I have a file, like so,
ID,CLASS_ID,COURSE_FEE,COURSE_ID
1,9XG,500,3
2,07CWG,1000,6
3,9XG,150,6
4,07CWG,1500,6
5,016IRE,80,9
6,9XG,100,10
7,07CWG,500,6
I would like to get those CLASS_IDs
that is having the greater COURSE_ID
with respect to its COURSE_FEE
. Also if a CLASS_ID
is having same COURSE_ID
, then the total sum of the corresponding COURSE_FEE
s needs to be fetched.
So the expected output would be something like so,
ID,CLASS_ID,COURSE_ID,COURSE_FEE
6,9XG,10,100
5,016IRE,9,80
2,07CWG,6,3000
This is the script I created for this:
import pandas as pandas
df = pandas.read_csv('Inpt.txt', dtype={'CLASS_ID': str})
df['COURSE_ID_AGG'] = df.groupby(['CLASS_ID', 'COURSE_ID'])['CLASS_ID'].transform(pandas.Series.value_counts)
df['SUM'] = df.groupby(['CLASS_ID', 'COURSE_ID'])['COURSE_FEE'].transform('sum')
df = df.drop_duplicates(subset=['CLASS_ID', 'COURSE_ID'])
df = df.sort_values(by=['CLASS_ID', 'COURSE_ID', 'SUM'], ascending=[0, 0, 0])
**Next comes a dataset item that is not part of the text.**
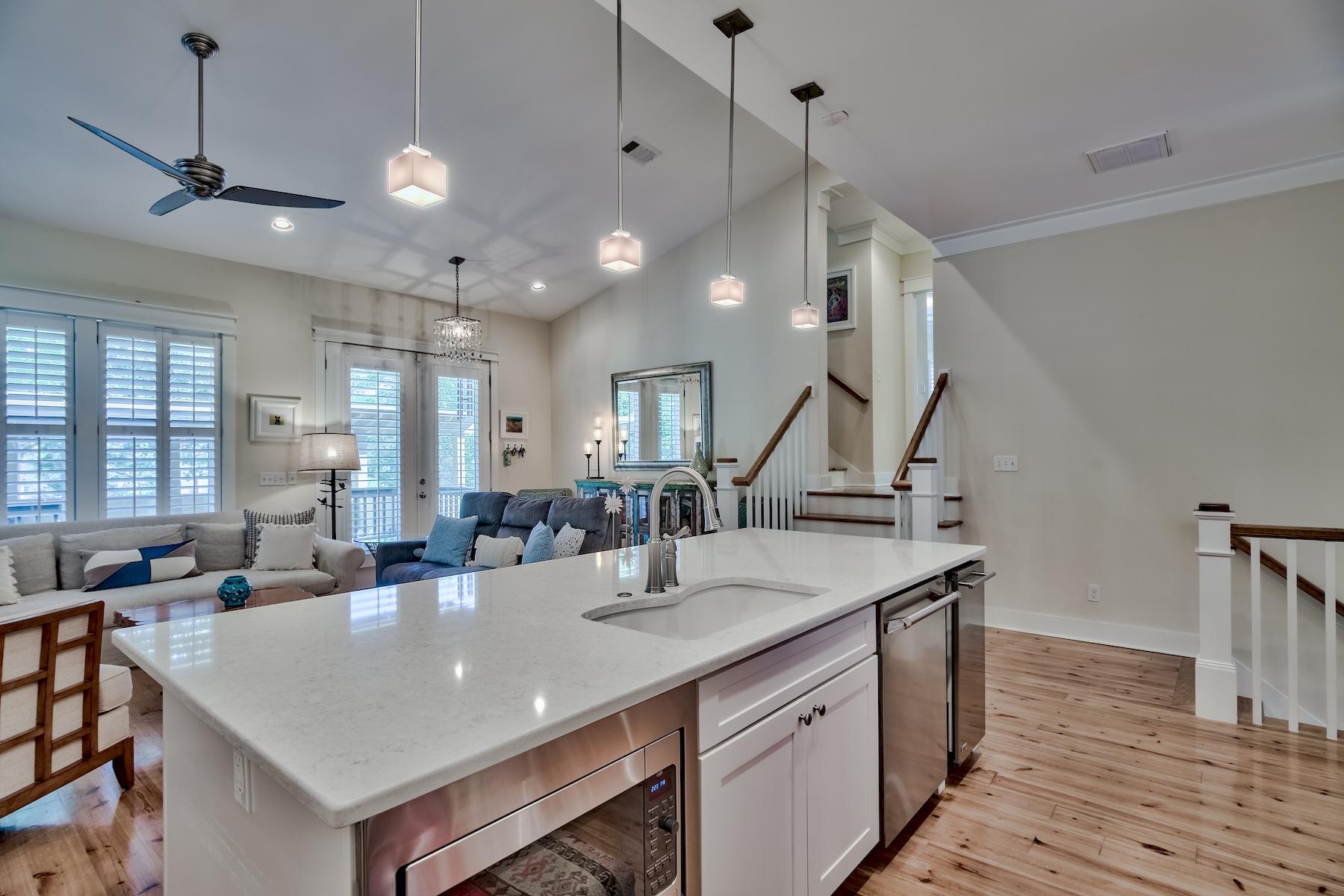 25 South Summit Drive Santa Rosa Beach, FL 32459 - Photo 10 of 46 a view of kitchen island a sink and living room view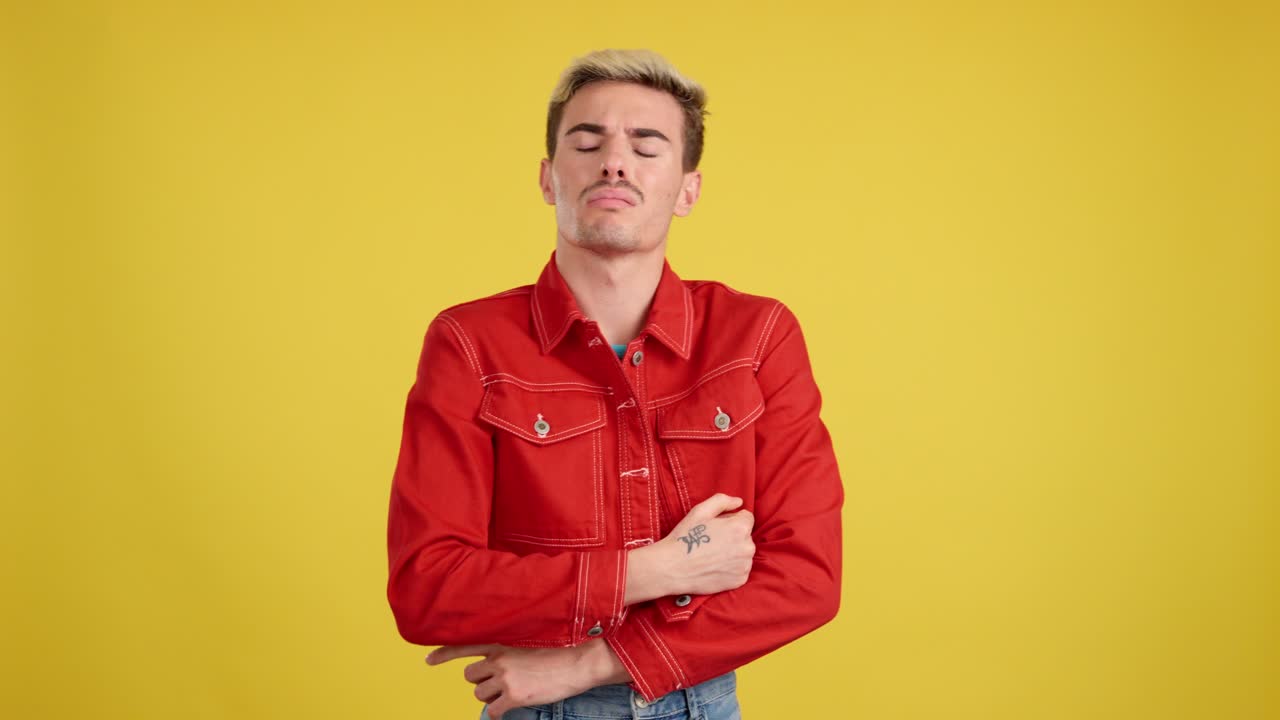 Man in Red Jacket Posing Against Yellow Background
df.drop(['COURSE_FEE', 'COURSE_ID_AGG'], axis=1, inplace=True)
df = df.rename(columns={'SUM': 'COURSE_FEE'})
df = df.groupby('CLASS_ID', as_index=False).nth(0)
df.to_csv('Op.txt', index=False)
The script is giving me expected output but for small inputs.
My input file actually contains 200 Million records and because of that my script throws an OUT OF MEMORY EXCEPTION
.
Could any of you python veterans help a newbie in suggesting a way to handle such a large input on this script? Thanks in advance.